Frequently Asked Questions
What is Hadassah and what does it do?
Hadassah is the Women's Zionist Organization of America, founded by Henrietta Szold in 1912. It began with a small nursing mission in Palestine and grew into the largest Jewish women's organization in the world, with over 300,000 members. Hadassah operates two major hospitals in Jerusalem — Hadassah Ein Kerem and Hadassah Mount Scopus — which treat over a million patients annually regardless of religion or nationality.
What was Youth Aliyah?
Youth Aliyah was a program to rescue Jewish children and teenagers from Nazi Europe and bring them to Palestine. Henrietta Szold directed the program from 1934 until her death in 1945. Under her leadership, approximately 22,000 children were transported to safety, placed in kibbutzim and youth villages, educated, and given new lives. Many of their parents perished in the Holocaust.
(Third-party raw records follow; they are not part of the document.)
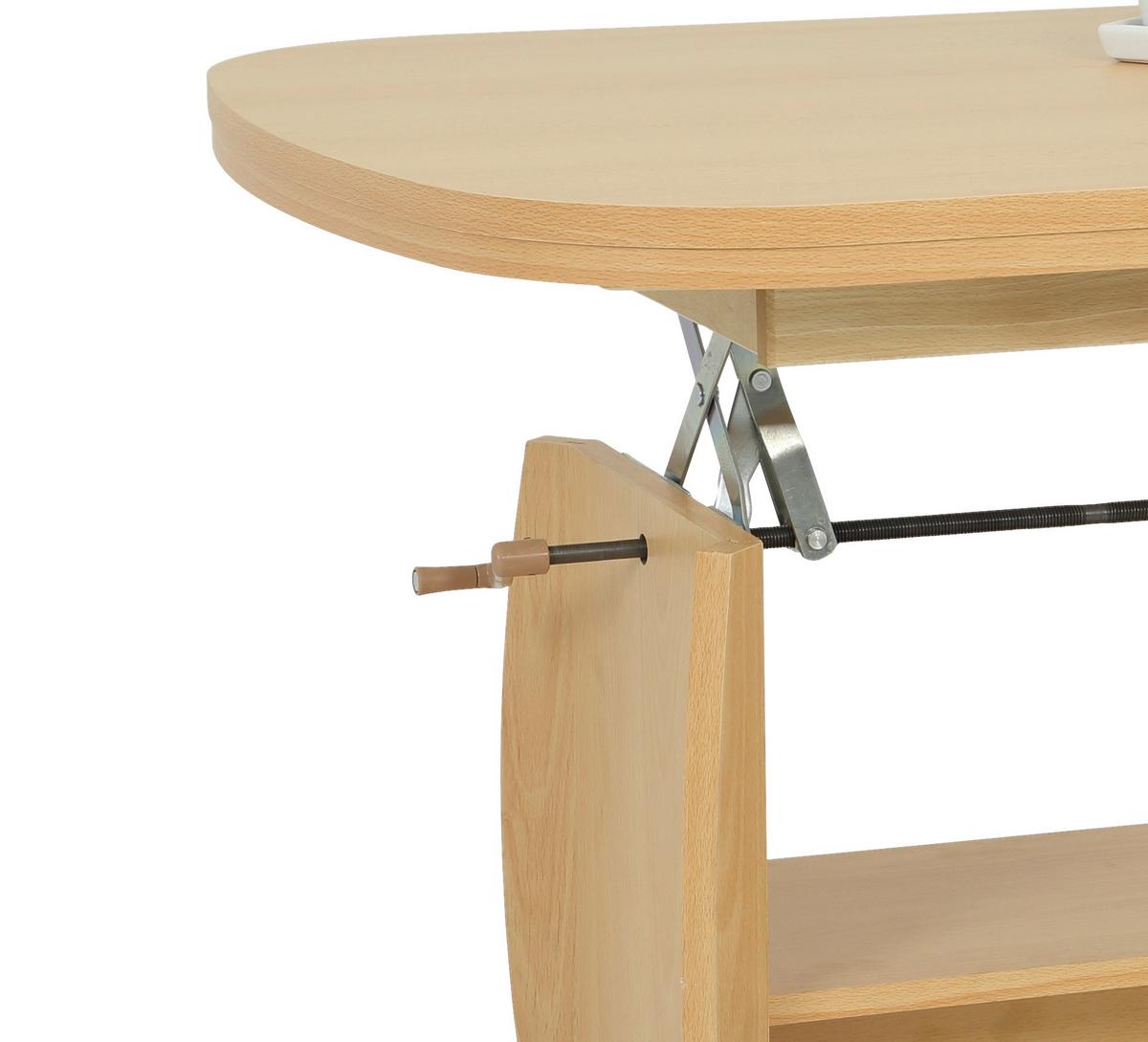 STOLIK KAWOWY MICHAEL SZER: 90-142 CM - kolor bukowy, Basics, materiał drewnopochodny (90 - 142/52 - 62/68cm) - MID.YOU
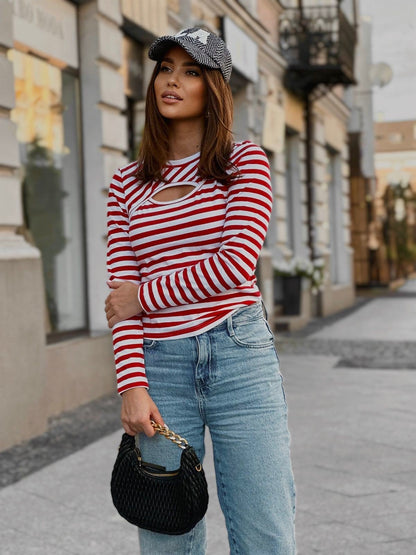 Дамска червена блуза с райета и разрез в стилен неформален дизайн LaBalancia Roberto Fashion Store Shirt 5907378505418 Uniwersalny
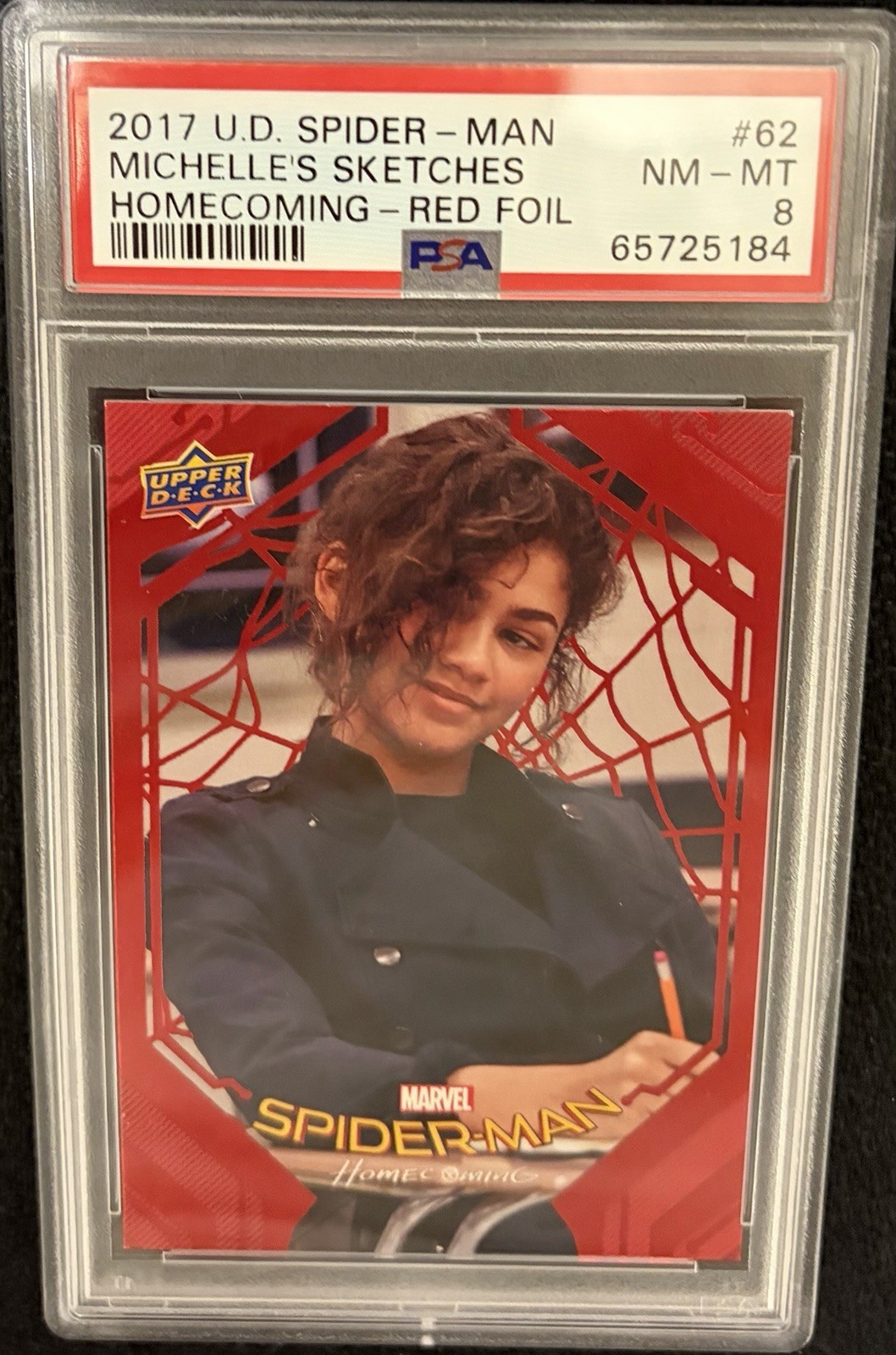 2017 Marvel Spider-Man Homecoming #62 Sketches Red Foil /199 MJ Zendaya RC PSA 8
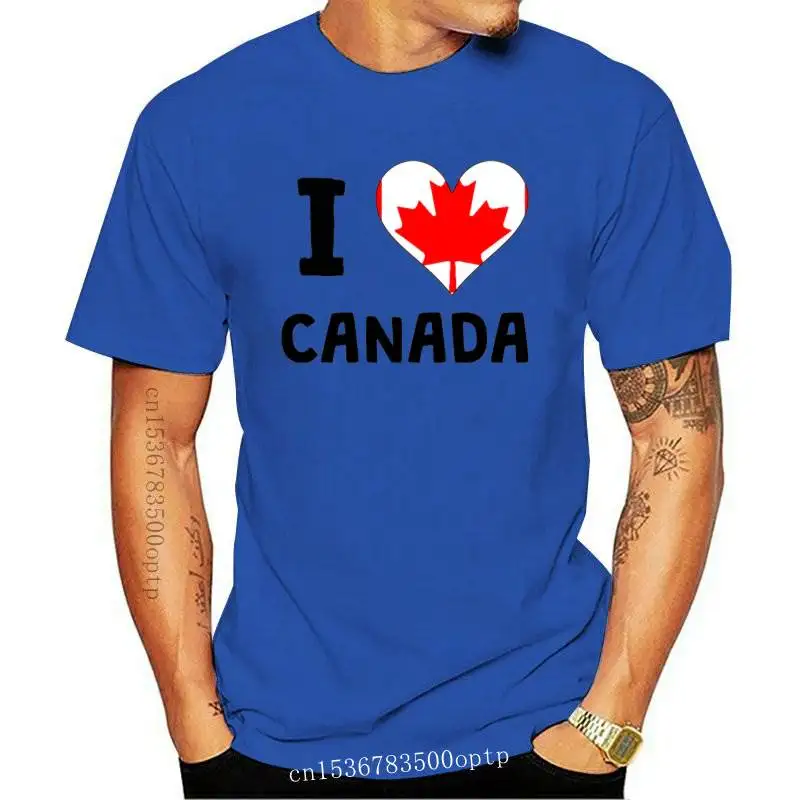 

New 100% Cotton I Love Canada Flag T Shirt For Male Qualitty Homme Tee Shirt
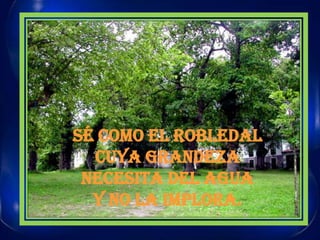 SÉ COMO EL ROBLEDAL CUYA GRANDEZANECESITA DEL AGUAY NO LA IMPLORA.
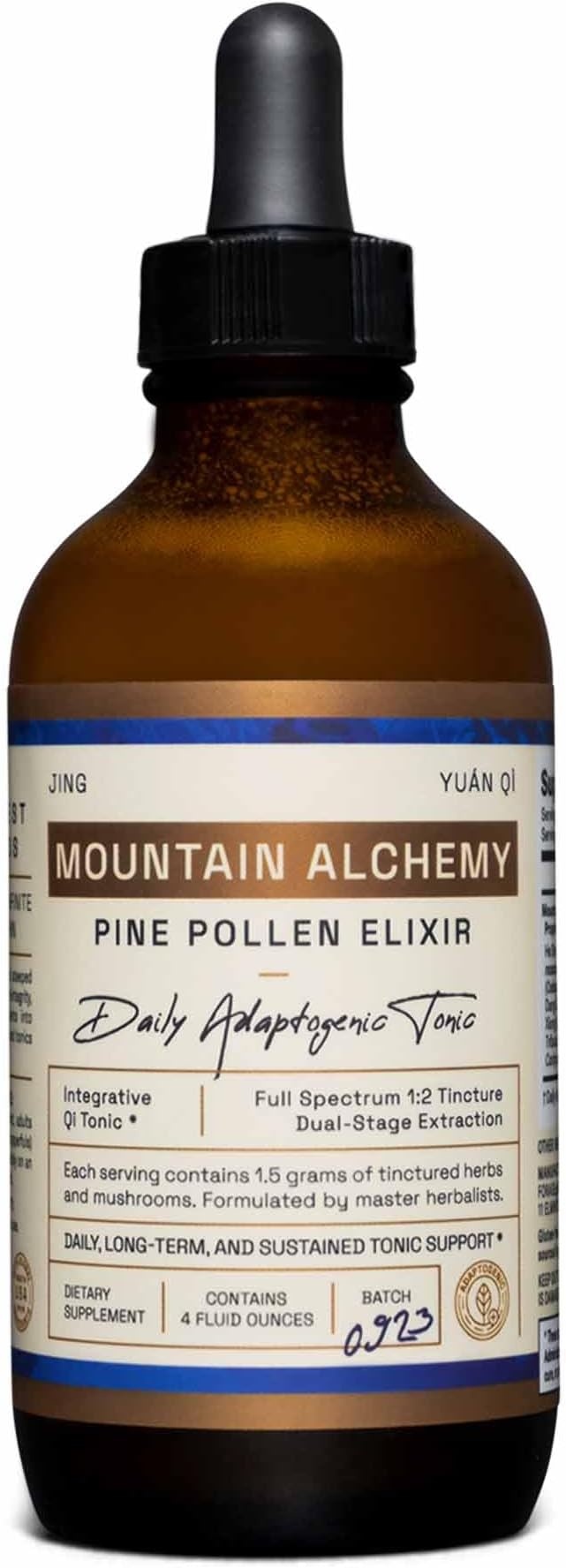 RAW Forest Foods Mountain Alchemy Pine Pollen Elixir Tincture โ 1:2 True DualโStage Extraction โ with Mountain Harvest Pine Pollen โ 4 Fl Ounce Bottle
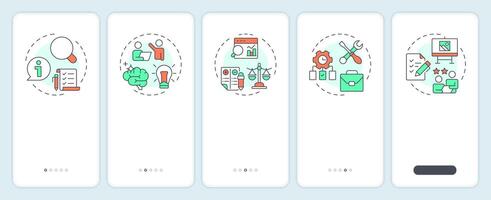 Value engineering steps onboarding mobile app screen. Project management. Walkthrough 5 steps editable graphic instructions with linear concepts. UI, UX, GUI vector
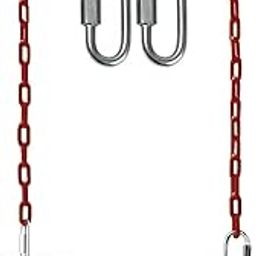 REZNOR Flexible Swing Seat Set for Kids/Adults Outdoor Park Garden Tree Backyard with 60” Plastic Coated Chain, Weight Support Upto 150kg, Red-image-98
Was Henrietta Szold the first woman to attend the Jewish Theological Seminary?
Szold was permitted to attend classes at the Jewish Theological Seminary (JTS) beginning in 1903, but only on the condition that she would not seek rabbinic ordination. She studied Talmud, Jewish history, and other subjects alongside male students. Though she was there as a student, the seminary did not grant her a degree or formal status equal to her male classmates.